Available data:
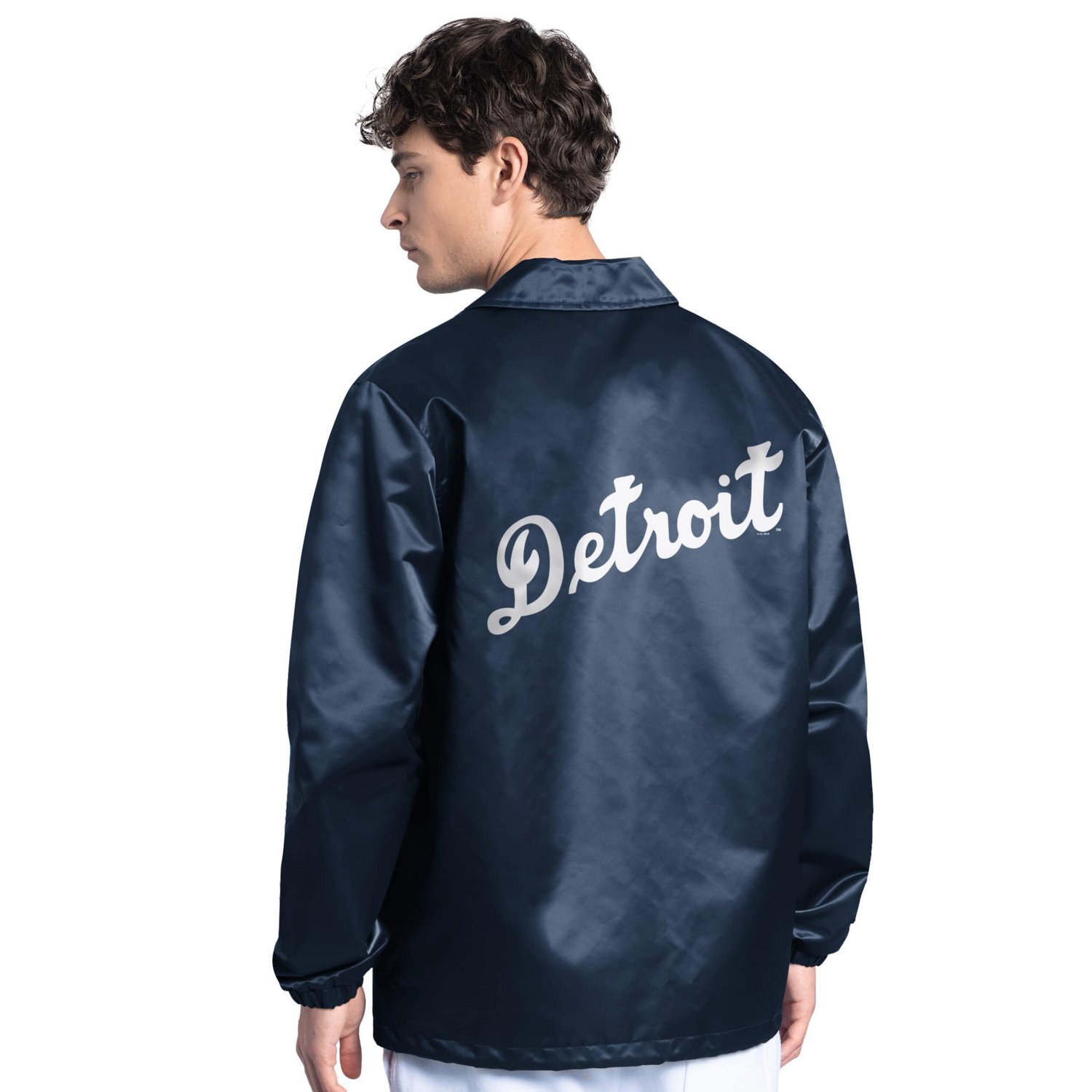 Starter Detroit Tigers Cooperstown Collection Point Man Full-Snap Coaches Jacket - view number 2
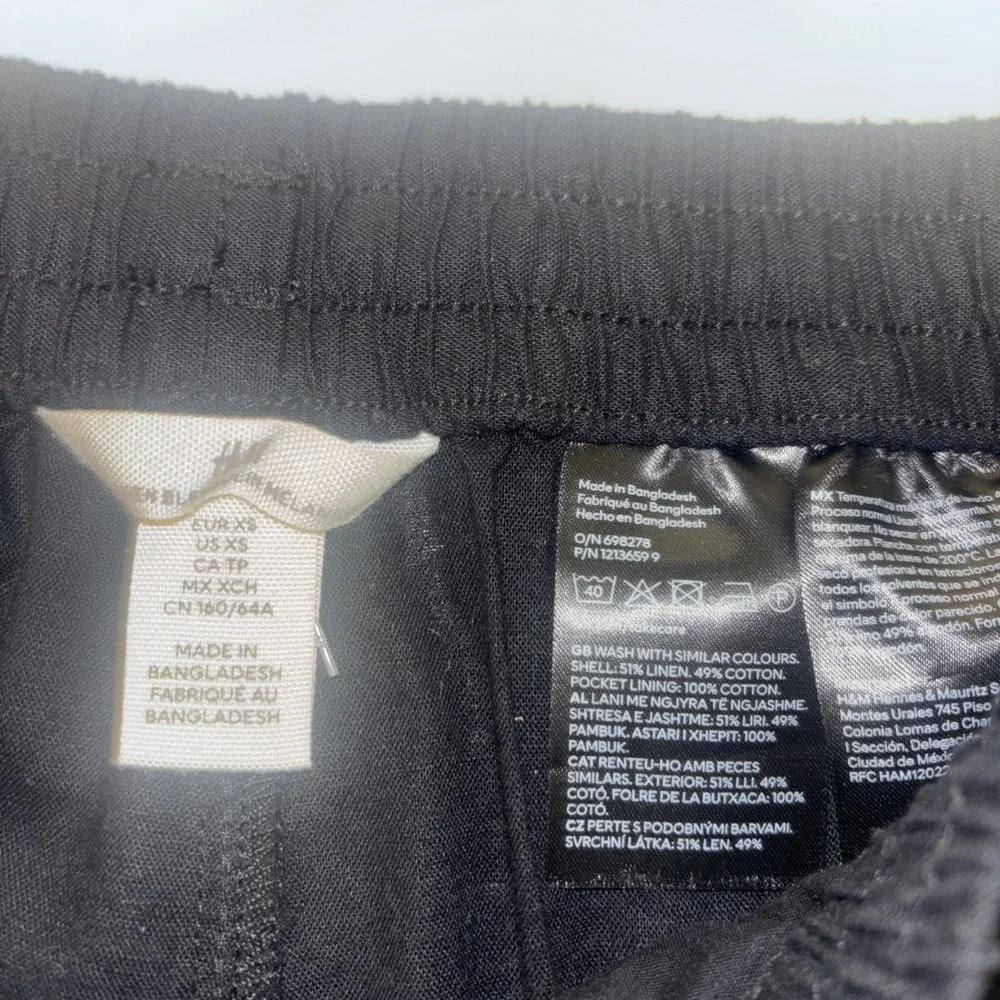 H&M Women's Sz Xs Linen Pants Black Pockets Stretchy Waist Cotton Beachy Natural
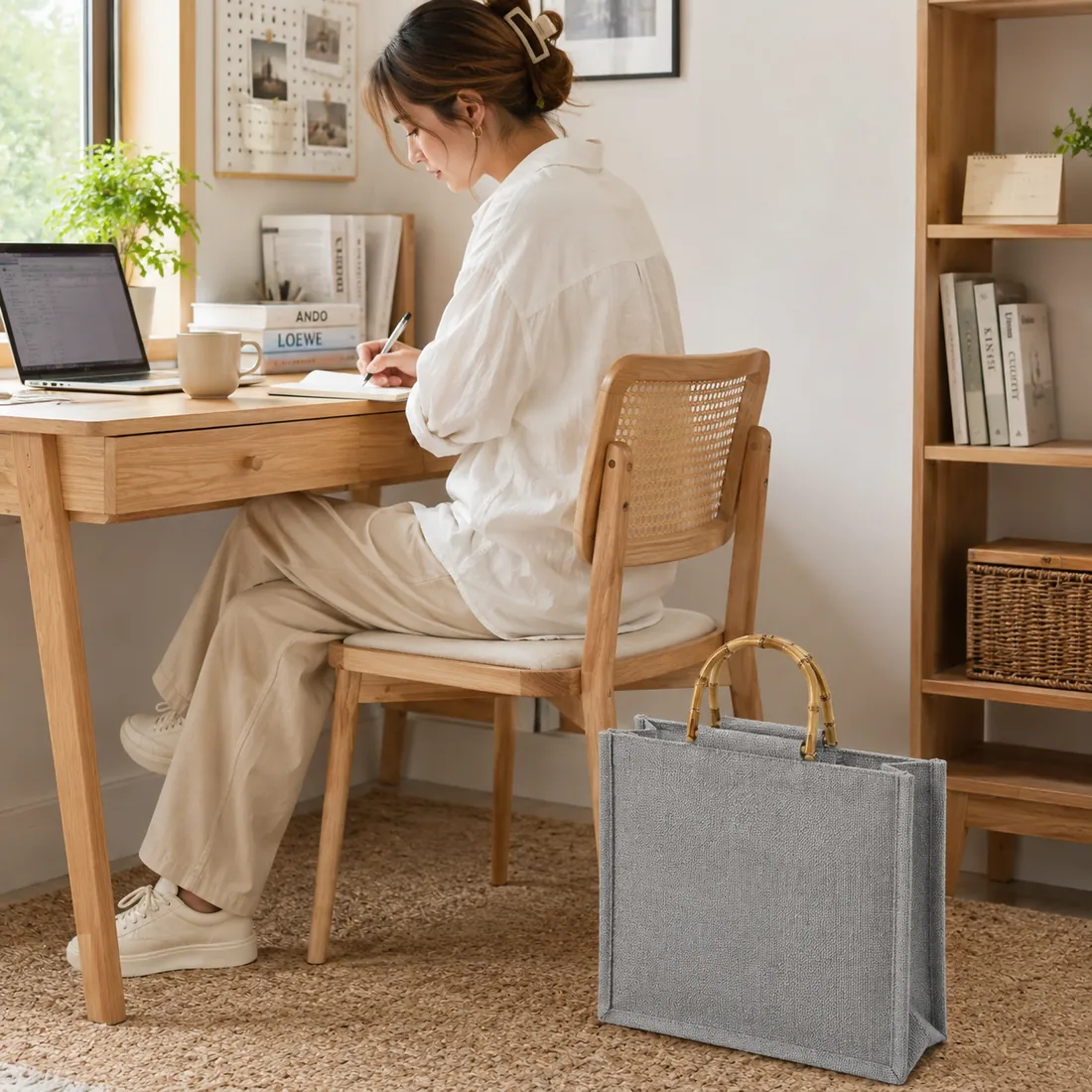 Gray faux bamboo-handle jute tote in a home office / 家庭办公场景中的灰色仿竹手柄黄麻托特包
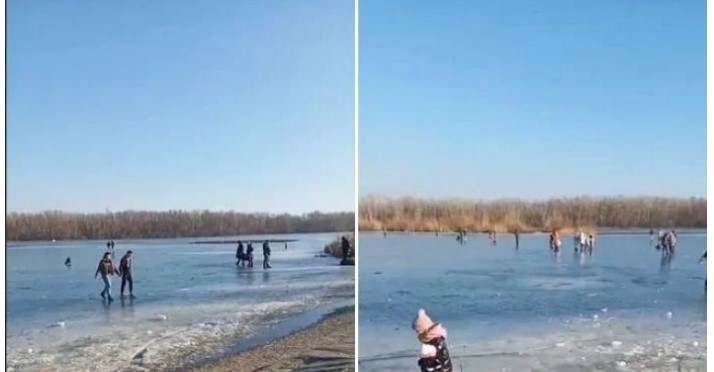 В Днепре горе-родители прогулялись с детьми по тающему льду (ВИДЕО)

Task description: Recreate the listing above word for word, dropping each picture it contains.

Written reply:
 Starter Detroit Tigers Cooperstown Collection Point Man Full-Snap Coaches Jacket - view number 2
 H&M Women's Sz Xs Linen Pants Black Pockets Stretchy Waist Cotton Beachy Natural
 Gray faux bamboo-handle jute tote in a home office / 家庭办公场景中的灰色仿竹手柄黄麻托特包
 В Днепре горе-родители прогулялись с детьми по тающему льду (ВИДЕО)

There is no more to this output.